El régimen sostenido en ese discurso resultó un fracaso absoluto para este país. Mientras hubo tierra ociosa, logramos crecer lo mismo que el resto del mundo, no más. Después, hubo que endeudar a la nación, despilfarrar el manto petrolero que logró salvar lo que la nacionalización casi había destruido. México, como buena parte de América Latina, desperdició el siglo XX.

Pero hoy este discurso continúa. Una cantidad importante de personas cree, efectivamente, que no se puede ser mexicano si no se come maíz, si no se cree en Guadalupe, si no se ensalza a los indígenas (aunque secretamente se les desprecie).

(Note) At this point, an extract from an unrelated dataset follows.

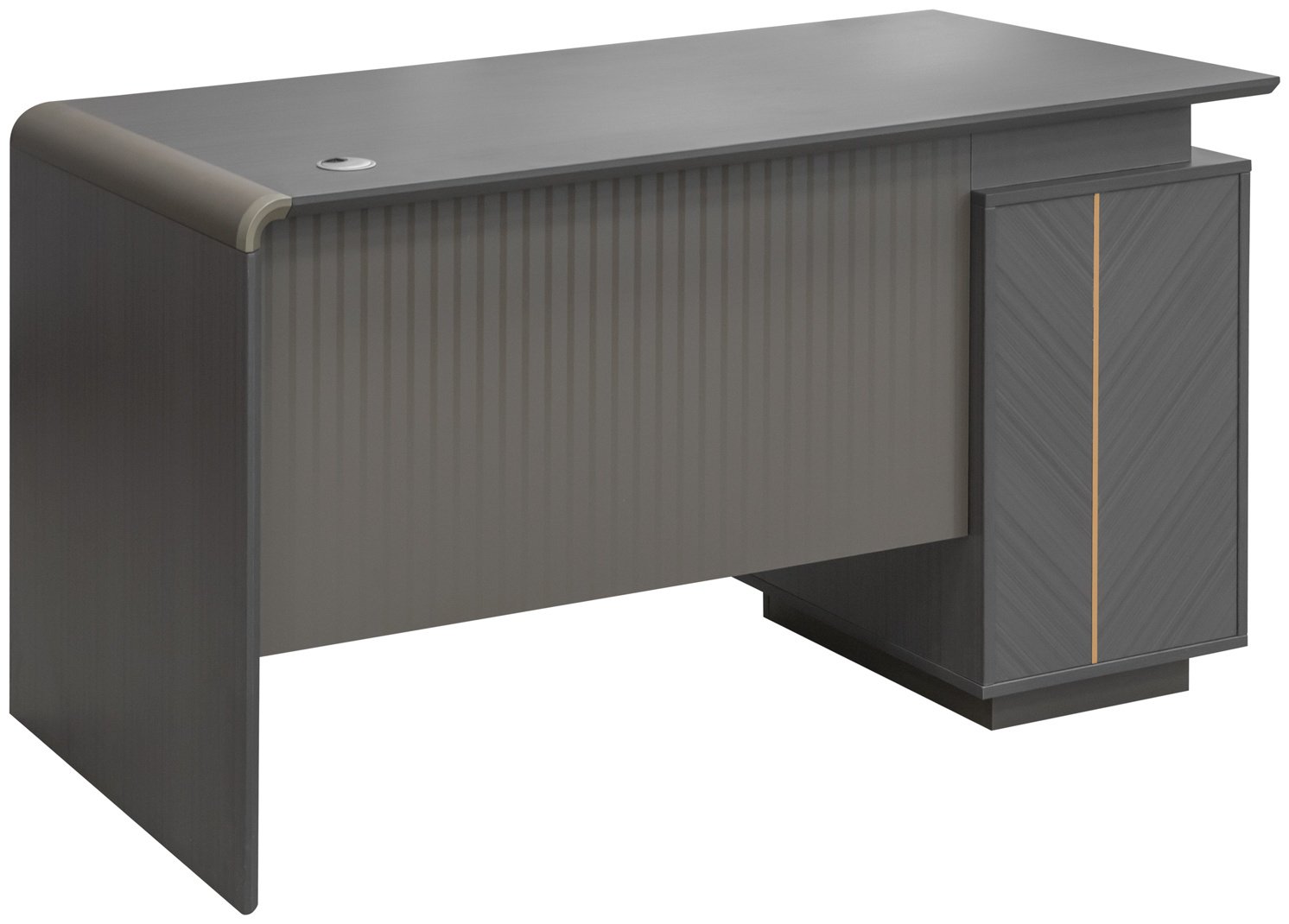 Стол письменный ZETA YF419-140X, 70х140x75 см, серый купить,NaN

No se puede ser mexicano si Pemex desaparece, no importando que su existencia nos cueste a todos para beneficiar sólo al sindicato, como también ocurre con Luz y Fuerza del Centro, o con el Seguro Social. No se puede ser mexicano si se duda de la Revolución, del milagro mexicano, de la heroicidad de Zapata, Villa y Cárdenas. Para todas estas personas, no importa que 100 años después esté claramente demostrado el gran fraude que ha sido esa narración y ese régimen. No importa que en todo ese tiempo los pobres no hayan dejado de serlo, que el país jamás haya dejado de estar “en desarrollo”.

Por eso éste es el gran debate. Porque los farsantes que dicen defender al campo, a la soberanía, a los pobres, viven de la ignorancia y de las creencias producto de ese “nacionalismo revolucionario”. Y son esos mismos farsantes los que impiden que este país sea una democracia plena, porque siguen viviendo de las corporaciones. Son ellos quienes impiden acabar con la pobreza, porque de esos pobres obtienen sus votos.

Ya estuvo bueno. Con sus mentiras, casi han acabado con México. Los verdaderos patriotas queremos un país democrático, competitivo y justo. Porque queremos sentirnos orgullosos de nosotros mismos. No del maíz ni del petróleo ni de Guadalupe.